Task to carry out
Reproduce the entries from their first line up to and including the line with "Gap Gray Blazer Size 12 - photo 1". Leave out everything after it.

Stored data
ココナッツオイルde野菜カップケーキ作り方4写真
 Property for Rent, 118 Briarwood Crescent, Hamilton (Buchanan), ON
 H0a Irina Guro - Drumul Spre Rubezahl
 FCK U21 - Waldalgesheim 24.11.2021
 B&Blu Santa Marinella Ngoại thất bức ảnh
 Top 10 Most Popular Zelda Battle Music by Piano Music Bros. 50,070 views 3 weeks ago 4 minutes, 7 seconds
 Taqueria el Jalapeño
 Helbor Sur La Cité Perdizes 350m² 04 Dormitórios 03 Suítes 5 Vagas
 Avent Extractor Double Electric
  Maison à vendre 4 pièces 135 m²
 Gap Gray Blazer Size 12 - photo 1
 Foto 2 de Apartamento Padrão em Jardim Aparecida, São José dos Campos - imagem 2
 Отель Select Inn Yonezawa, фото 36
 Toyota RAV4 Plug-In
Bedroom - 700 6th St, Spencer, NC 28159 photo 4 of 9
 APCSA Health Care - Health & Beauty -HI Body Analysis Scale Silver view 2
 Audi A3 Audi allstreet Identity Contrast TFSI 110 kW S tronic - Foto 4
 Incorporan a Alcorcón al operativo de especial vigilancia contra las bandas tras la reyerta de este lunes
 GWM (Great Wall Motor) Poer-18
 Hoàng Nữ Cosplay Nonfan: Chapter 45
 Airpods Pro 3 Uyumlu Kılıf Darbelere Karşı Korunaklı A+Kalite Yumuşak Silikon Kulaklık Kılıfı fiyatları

Response to this task
ココナッツオイルde野菜カップケーキ作り方4写真
 Property for Rent, 118 Briarwood Crescent, Hamilton (Buchanan), ON
 H0a Irina Guro - Drumul Spre Rubezahl
 FCK U21 - Waldalgesheim 24.11.2021
 B&Blu Santa Marinella Ngoại thất bức ảnh
 Top 10 Most Popular Zelda Battle Music by Piano Music Bros. 50,070 views 3 weeks ago 4 minutes, 7 seconds
 Taqueria el Jalapeño
 Helbor Sur La Cité Perdizes 350m² 04 Dormitórios 03 Suítes 5 Vagas
 Avent Extractor Double Electric
  Maison à vendre 4 pièces 135 m²
 Gap Gray Blazer Size 12 - photo 1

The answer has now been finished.